Available data:

============

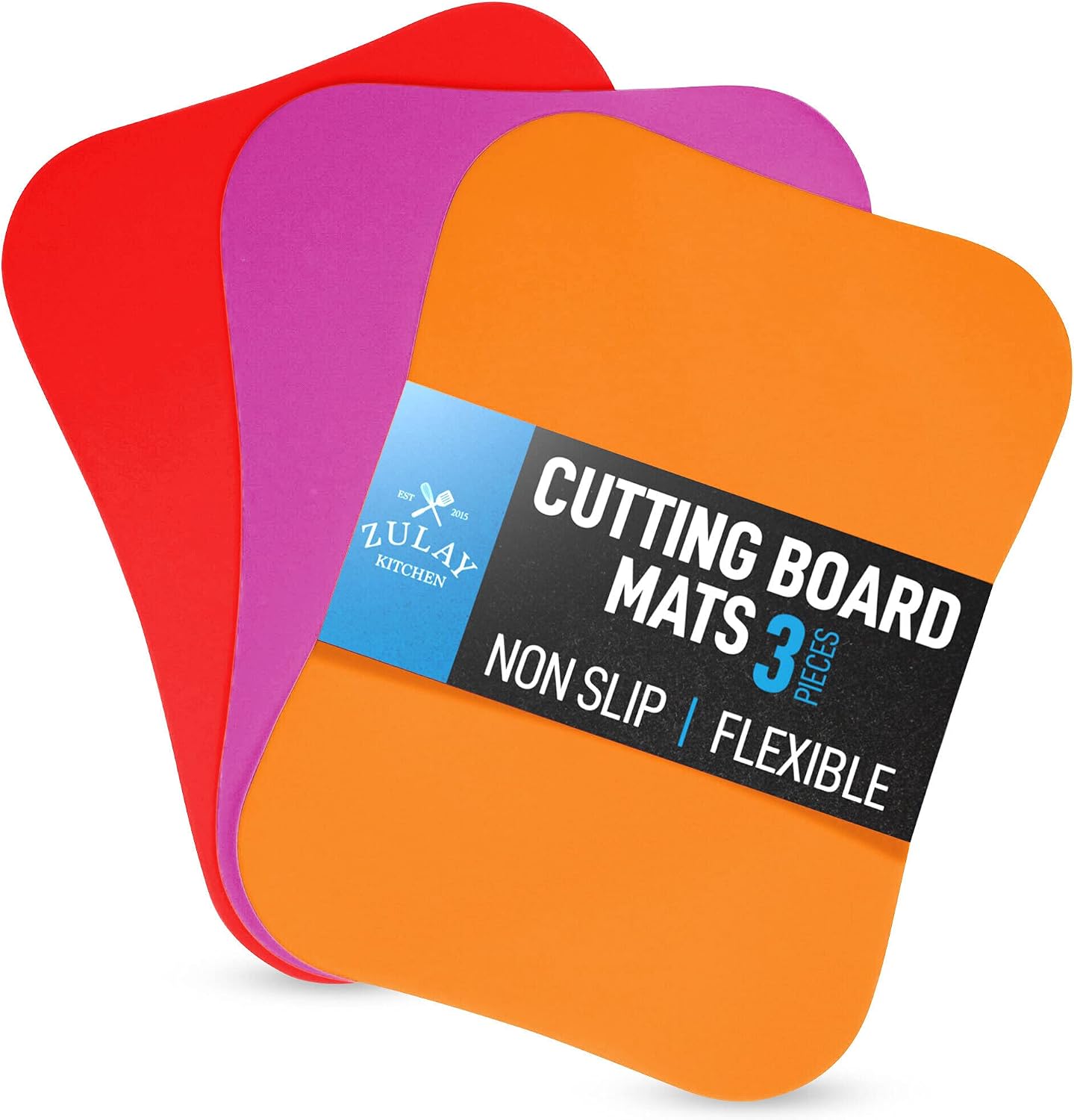 Zulay Kitchen Non-Slip Flexible Cutting Board Set - Dishwasher Friendly Cutting Mats For Cooking - Thick & Durable Flexible Cutting Mats - Non-Porous Cutting Board Mat Set of 3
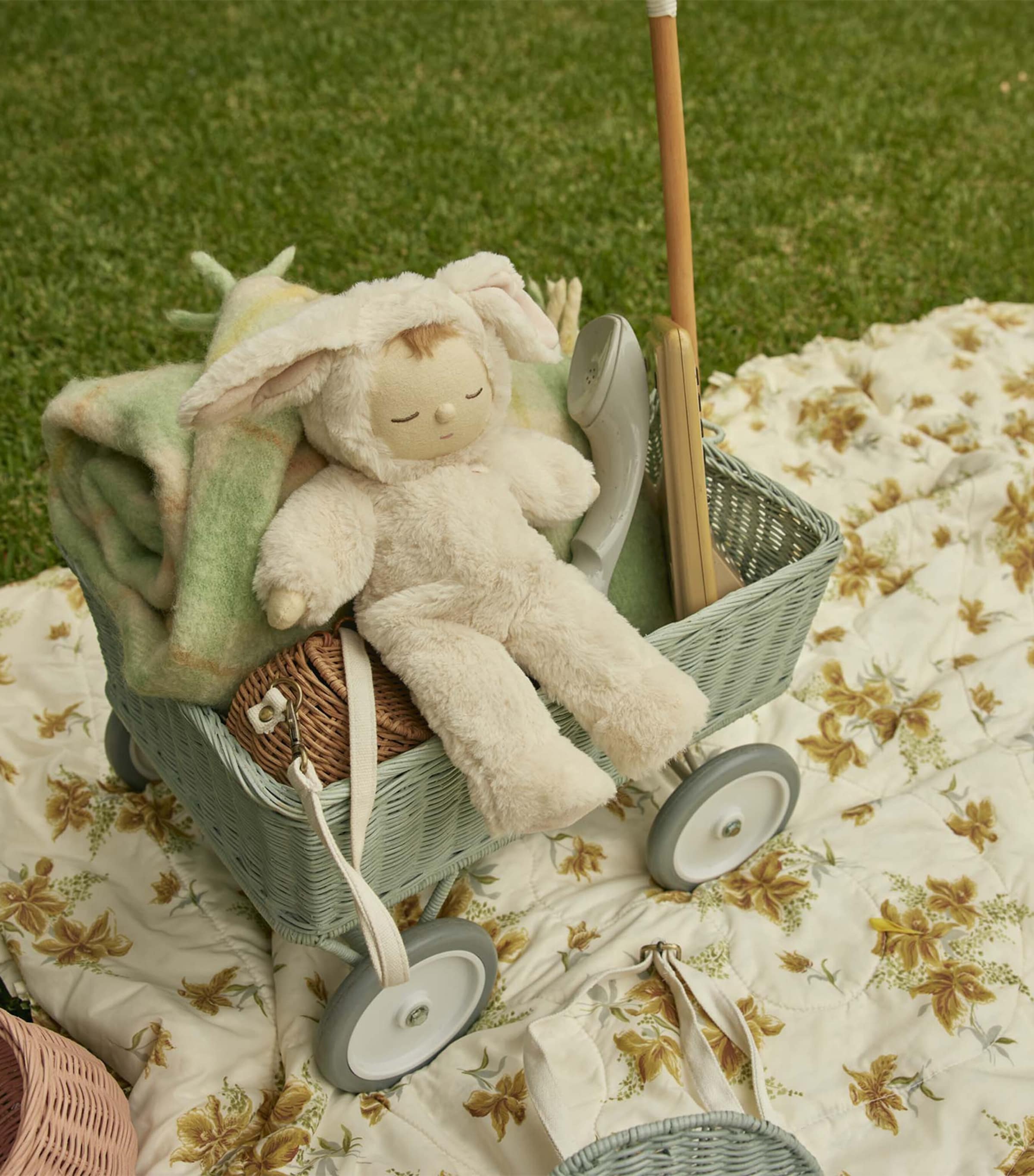Olli Ella Bunny Moppet baby comforter soft toy 37cm, imported from the UK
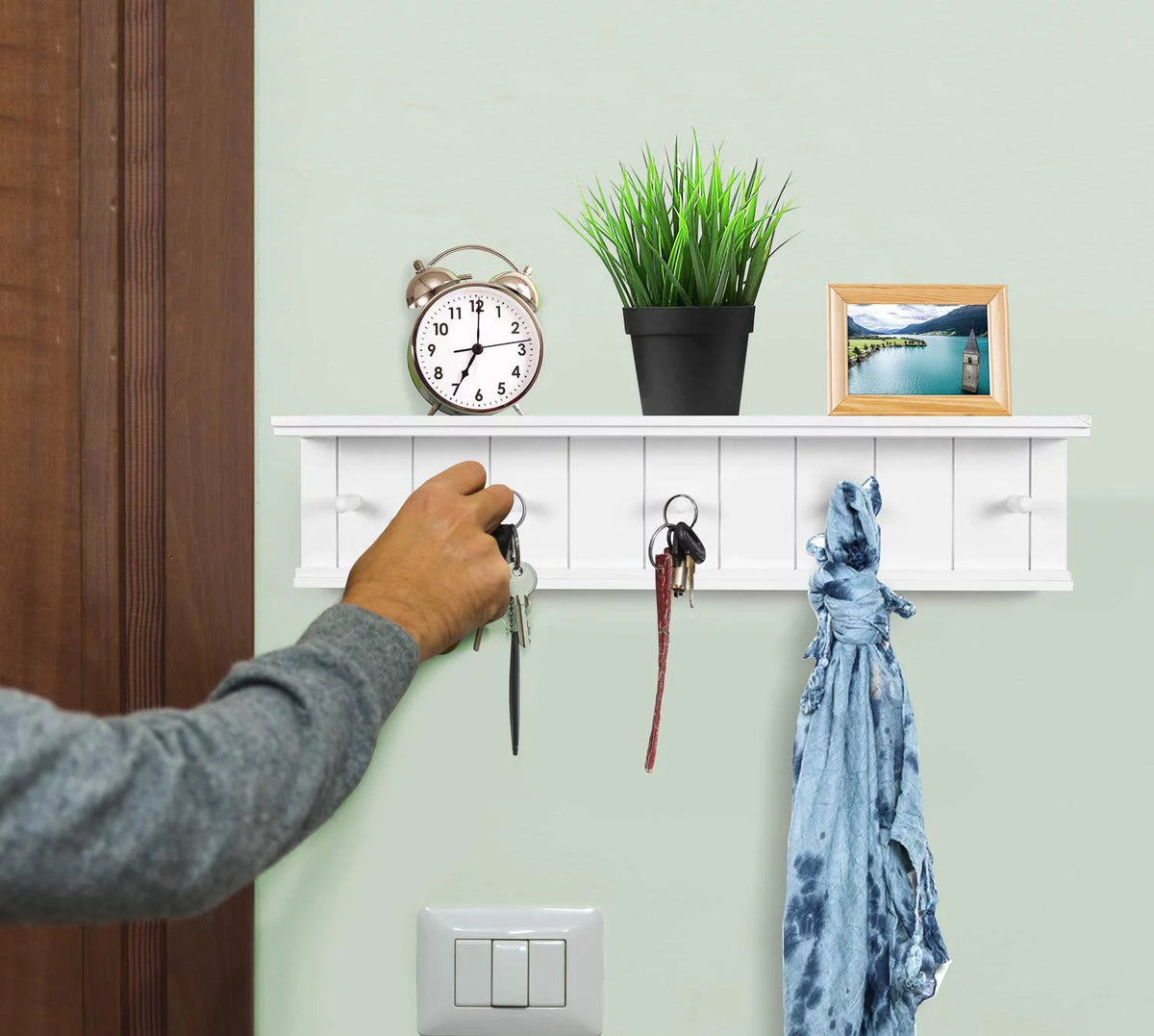 White MDF Wood Floating Shelf S716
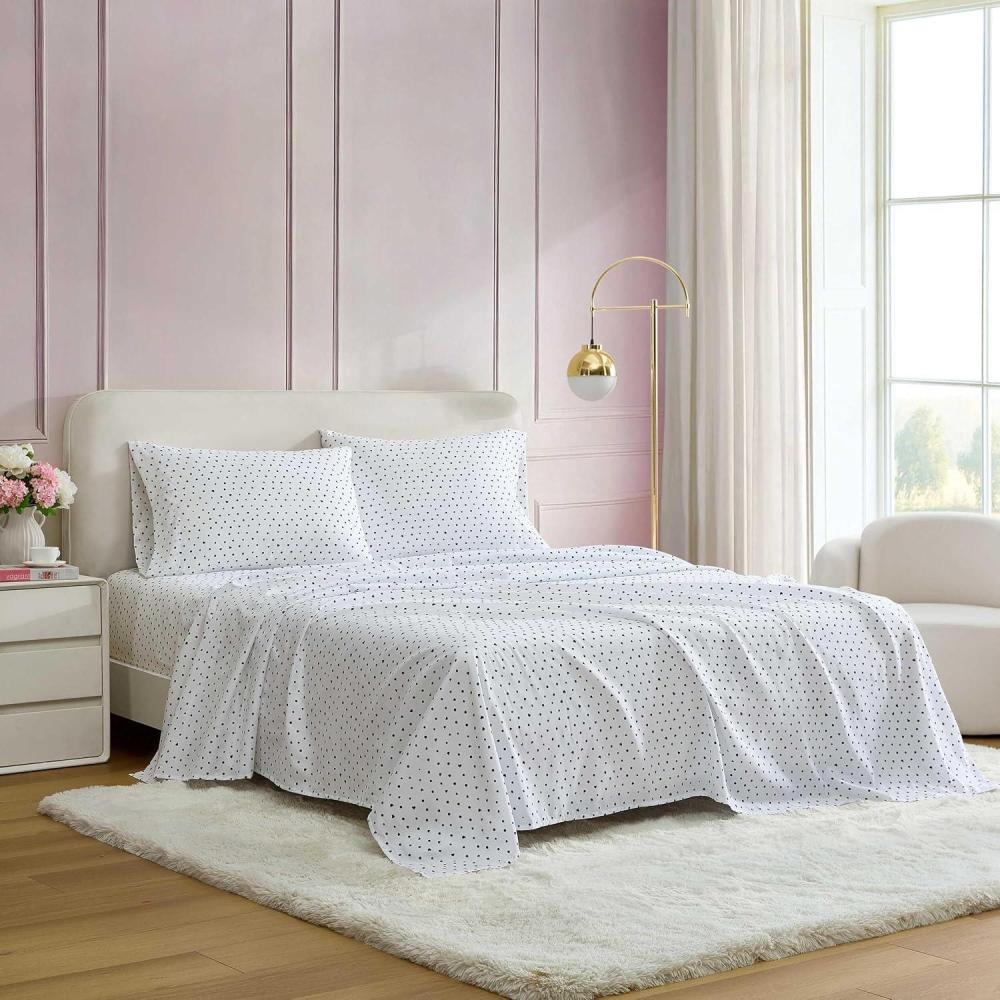 image:imageBetsey Johnson  Queen Size Sheet Set UltraSoft Bedding with Smooth Feel Deep Pockets Bed Sheets with Matching Fitted Sheet amp Pillowcases Polka Dot Heart BlackPolka Dot Heart Black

============

Work instructions: Quote the material in full and exactly; do not carry over its pictures.

Expected answer:
 Zulay Kitchen Non-Slip Flexible Cutting Board Set - Dishwasher Friendly Cutting Mats For Cooking - Thick & Durable Flexible Cutting Mats - Non-Porous Cutting Board Mat Set of 3
Olli Ella Bunny Moppet baby comforter soft toy 37cm, imported from the UK
 White MDF Wood Floating Shelf S716
 image:imageBetsey Johnson  Queen Size Sheet Set UltraSoft Bedding with Smooth Feel Deep Pockets Bed Sheets with Matching Fitted Sheet amp Pillowcases Polka Dot Heart BlackPolka Dot Heart Black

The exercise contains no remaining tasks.